Hey,
Well - I've got a need for something that I cannot find elsewhere. If you can think of an existing program that satisfies my needs please LET ME KNOW! So I don't have to make my own! I'm experienced with PHP so am not asking for help - fear not!
Assuming that nobody knows of something already - here's my idea, and I'd like to have feedback and suggestions about what to put in it. Please understand it's for my own personal use and will be made as such - but I will release it as open-source so others can use, tinker, upgrade, etc etc!
The problem:
I have lots of hard drives - especially being a computer engineer who gets in lots of half-working drives (good enough for storage; not good enough for customers to use). Plus, lots and lots of old files.
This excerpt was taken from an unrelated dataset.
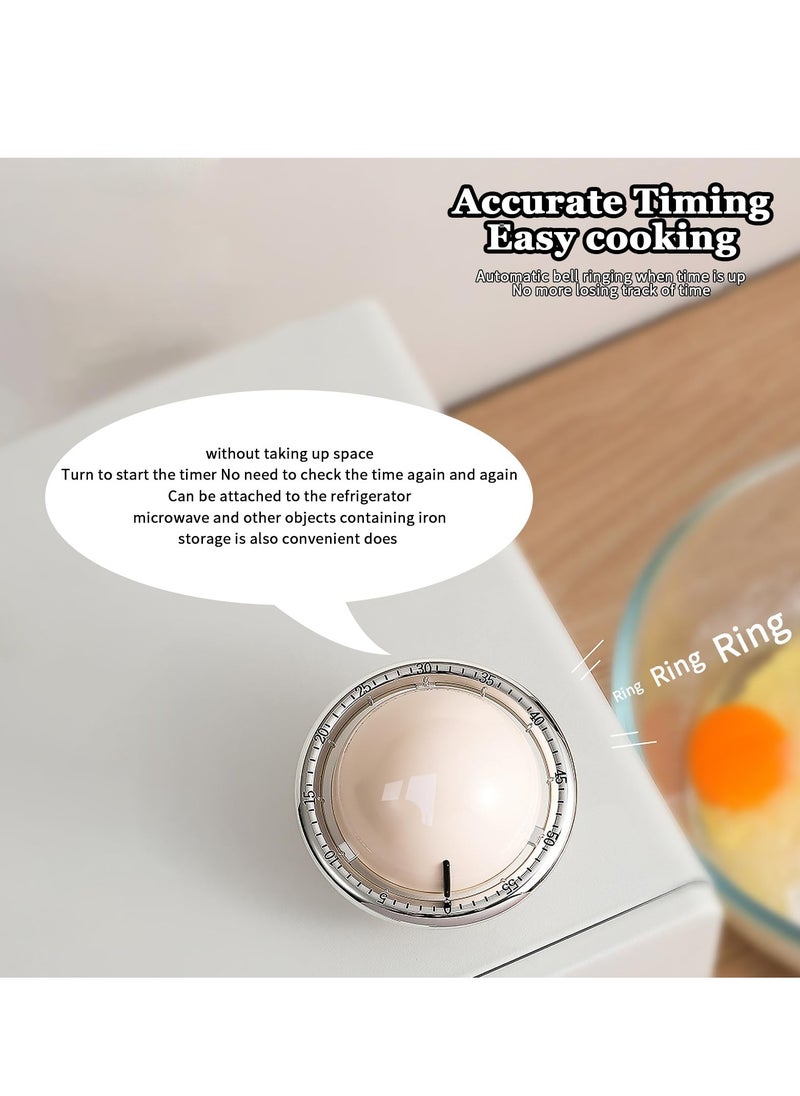 Planets Shaped Mechanical Timer, 60-Minute Manual Wind-Up Countdown Timer with Loud Alarm for Classroom, Kitchen, Study, Cooking, and Home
My partner and I both download regularly, as does my brother and parents (at different locations). I would like a file server that would run on Windows or Linux, written in PHP, that would search through all my files and drives, creating hashes of them all (MD5 or similar), attach filenames, add additional information (such as ID3 tags, video sizes, files contained within ZIP files, etc etc) all to a database.
If you 'upload' a file to the system, it'll hash it, get all the information, and check if the file already exists. If it does, you'll be given the option to add it again or skip. This is because the file may exist on another server - say, my Brothers at a different location, not on LAN but over the Internet. So of course, I want a local copy of this big file, not to use his!!
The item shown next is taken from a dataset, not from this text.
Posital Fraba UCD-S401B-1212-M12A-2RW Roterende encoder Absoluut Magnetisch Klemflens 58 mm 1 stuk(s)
It'll connect to multiple servers, and automatically update each server with a list of files on each system. These files could (potentially, future upgrade?) be encrypted if they're private, or set as private simply as an initial block.
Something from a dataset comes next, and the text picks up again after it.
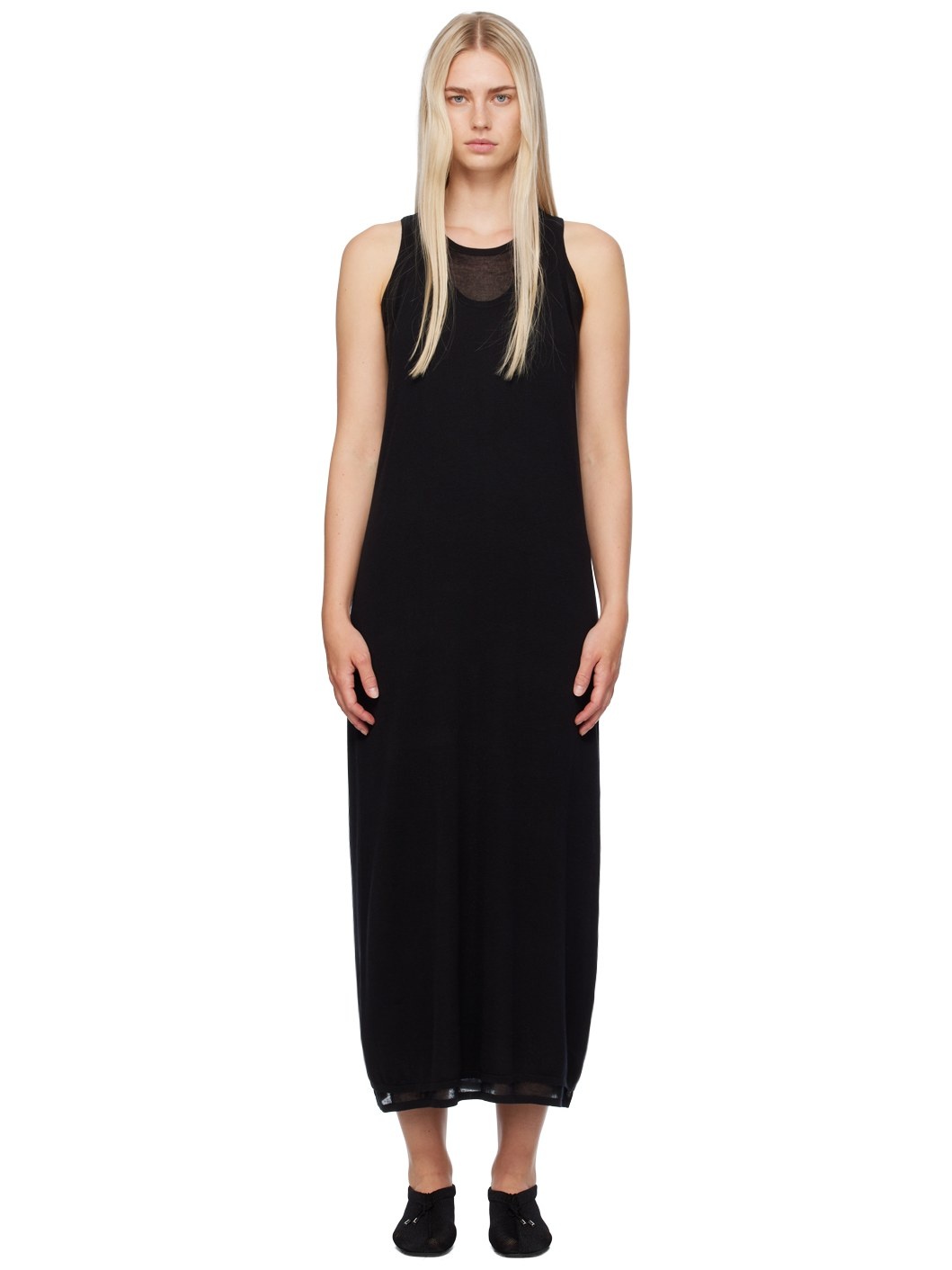 Black Layered Maxi Dress - 1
So - if you're looking for a file (beit a document, film, program, etc) you simply type in a keyword and it'll search it's entire index - probably pretty damn quick - and return to you results, with file sizes, information, and locations. You chose the best location and it'll send it to you. As it's all done using Apache web server, it's accessible online, from a LAN, etc.
I have plenty of issues to overcome; such as, how do you make it automatically index new files, and how will it know if a drive has been removed (hot-swap drive, or a USB/external drive, for instance), without constantly polling said devices. But they'll be overcome!
Who would like such a system, and what are people's opinions?!
Cheers
Mark
PHP File Server [New idea - feedback requested!]
it would be pretty nice, but are you sure that it will be fast? i dont think so. php isnt so slow, but it has limits you know. remember, in your storage can millions of files. to index them it will take a time. in the other hand you coudl leave index - maker on weekends only, then i gues it would work fine. basicly i like idea. its very interesting
Hi roxaz, thanks for the reply!
PHP in itself I believe will be fast enough, but you're right there will be speed problems. The ones I have thought of so far will be:
- Creating hash'es of every file rapidly. This isn't so hard - SHA1 is fast enough, as is MD5, and we won't index files at full speed, but instead leave a small delay (a second?) between hashing to keep server load low. Remembering that the server will most likely run on your home PC, that's important!
- The actual MySQL database, and handling thousands (millions) of files, hashes, descriptions, aliases, etc etc. There is a tradeoff for speed, storage (normalisation) and correctness. A flat database could be extremely quick, but won't have the redundancy and correctness of a fully normalised database. However, there'll be speed implications of such quality databases. My experience has always been a happy mixture between the two, and that's also because I'm not a MySQL expert so cannot fine-tune queries so tightly that they'll execute at top speed in all situations.
- Indexing new files. One solution - the 'easy' method - is to have an Incoming folder. All files you want indexed (after the initial 'full' index) go in here, are indexed periodically (1 minute, perhaps) and then moved away to prevent reindexing. This isn't perfect - but there's no decent way I know for PHP to tap into the OS to find out about new file creations, particularly not that would work on Windows and Linux (and Mac etc) without modification.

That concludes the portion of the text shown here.